Yes. So darn precious.

Fast forward to last year, I had just started radiation therapy and our family was invited to join a team for the Terry Fox Run in my hometown of Uxbridge. A big shout out to Jen C. who invited me! Without that special thought, I would have passed on the run for sure. I was feeling super tired, not just physically, but mentally as well. At that moment in time, I hated cancer. I wanted to quit radiation and stop all my meds. Basically I wanted out! I wanted to quit cancer! I was done. Thankfully my "team" of family, friends and cheerleaders kept me going. I knew deep down that representation was really important for our family. So, I dug deep. I wanted my kids and my friends to know how much community means to me as a cancer patient. I knew this was a way that my family and friends could physically and financially DO something towards helping cancer patients.

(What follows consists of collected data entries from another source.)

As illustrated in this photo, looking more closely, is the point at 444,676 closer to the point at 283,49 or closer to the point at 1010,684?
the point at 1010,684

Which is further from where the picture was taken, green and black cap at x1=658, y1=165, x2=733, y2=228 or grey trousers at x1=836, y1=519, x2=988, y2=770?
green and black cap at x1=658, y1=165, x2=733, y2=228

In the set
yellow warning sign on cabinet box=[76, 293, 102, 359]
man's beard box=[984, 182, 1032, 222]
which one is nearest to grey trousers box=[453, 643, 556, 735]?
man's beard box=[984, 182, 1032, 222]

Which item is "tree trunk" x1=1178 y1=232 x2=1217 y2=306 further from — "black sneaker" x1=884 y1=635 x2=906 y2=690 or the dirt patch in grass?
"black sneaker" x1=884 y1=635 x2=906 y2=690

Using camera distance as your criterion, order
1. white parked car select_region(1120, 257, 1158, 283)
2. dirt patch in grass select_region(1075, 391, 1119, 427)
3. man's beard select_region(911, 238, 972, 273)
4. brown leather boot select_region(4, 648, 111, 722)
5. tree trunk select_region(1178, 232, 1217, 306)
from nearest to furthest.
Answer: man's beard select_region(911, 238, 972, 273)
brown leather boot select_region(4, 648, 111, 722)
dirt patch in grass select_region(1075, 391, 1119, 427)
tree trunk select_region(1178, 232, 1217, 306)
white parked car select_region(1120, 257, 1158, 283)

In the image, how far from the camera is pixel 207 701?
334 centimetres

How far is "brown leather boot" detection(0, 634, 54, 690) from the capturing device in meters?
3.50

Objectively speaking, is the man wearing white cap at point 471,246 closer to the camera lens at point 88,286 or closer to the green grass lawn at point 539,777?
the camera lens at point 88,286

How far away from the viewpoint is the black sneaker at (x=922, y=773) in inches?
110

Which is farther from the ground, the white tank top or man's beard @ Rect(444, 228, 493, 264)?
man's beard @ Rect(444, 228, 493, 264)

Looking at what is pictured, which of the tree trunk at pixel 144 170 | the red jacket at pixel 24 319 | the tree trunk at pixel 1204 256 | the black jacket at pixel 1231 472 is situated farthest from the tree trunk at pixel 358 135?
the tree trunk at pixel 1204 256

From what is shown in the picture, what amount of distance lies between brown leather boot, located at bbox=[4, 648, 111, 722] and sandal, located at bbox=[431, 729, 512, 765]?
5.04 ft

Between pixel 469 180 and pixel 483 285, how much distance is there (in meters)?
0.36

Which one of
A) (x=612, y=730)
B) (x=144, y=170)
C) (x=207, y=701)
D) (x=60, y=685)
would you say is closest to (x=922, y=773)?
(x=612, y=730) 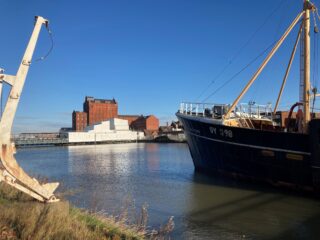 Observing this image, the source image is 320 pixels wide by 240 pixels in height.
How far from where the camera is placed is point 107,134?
148375 millimetres

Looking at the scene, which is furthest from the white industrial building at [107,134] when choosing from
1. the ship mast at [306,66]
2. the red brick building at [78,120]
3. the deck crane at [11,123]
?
the deck crane at [11,123]

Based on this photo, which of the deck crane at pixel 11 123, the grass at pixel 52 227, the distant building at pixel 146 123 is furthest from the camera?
the distant building at pixel 146 123

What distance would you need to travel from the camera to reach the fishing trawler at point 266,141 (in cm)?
1866

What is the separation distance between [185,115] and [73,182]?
32.1 ft

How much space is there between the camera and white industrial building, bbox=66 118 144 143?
461 ft

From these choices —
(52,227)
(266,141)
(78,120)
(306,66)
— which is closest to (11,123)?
(52,227)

"Actively, coming together as a community can be a huge source of inspiration for a cancer patient"

For me it was just that. As a daughter, I watched my Mom get through treatment, but it feels so very helpless. When you have a friend or a loved one going through cancer treatment, you just feel helpless. You wish you could do more. But you can't. What you CAN do is be a cheerleader, provide comfort and support for the person going through treatments. The person going through the treatment just has to do their best to get through it. No magical recipe. Just surviving treatment is enough.

As I went through active treatment for most of 2017, I reflected often on how this disease was affecting those around me. Providing support for them was also a really important part of our cancer journey.

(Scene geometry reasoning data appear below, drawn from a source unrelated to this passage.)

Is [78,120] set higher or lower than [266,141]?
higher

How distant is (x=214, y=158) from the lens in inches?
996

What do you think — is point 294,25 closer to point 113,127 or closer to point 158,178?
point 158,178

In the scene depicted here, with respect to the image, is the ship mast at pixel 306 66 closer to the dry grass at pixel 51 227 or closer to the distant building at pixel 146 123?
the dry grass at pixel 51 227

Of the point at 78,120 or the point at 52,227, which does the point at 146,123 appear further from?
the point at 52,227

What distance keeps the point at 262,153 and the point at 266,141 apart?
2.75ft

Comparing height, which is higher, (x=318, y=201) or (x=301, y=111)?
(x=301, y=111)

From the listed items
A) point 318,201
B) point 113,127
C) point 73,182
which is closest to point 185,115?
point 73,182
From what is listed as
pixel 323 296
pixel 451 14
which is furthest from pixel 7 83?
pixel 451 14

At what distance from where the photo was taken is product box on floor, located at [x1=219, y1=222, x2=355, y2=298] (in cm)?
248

Today, I was humbled and grateful to be a part of the opening ceremonies and share some of my story at the Terry Fox Run in Uxbridge. What a blessing! I was able to share what research and support have meant to me personally and to us as a family.

To all of you who joined in a walk/run somewhere, made a donation or simply held space for us as walkers/runners, I thank you. From the bottom of my heart I thank you. I was well enough to walk with my friends and family on a beautiful day in September to honour all of those who have been touched by cancer. I hope Terry would be filled with joy to know that his legacy lives on.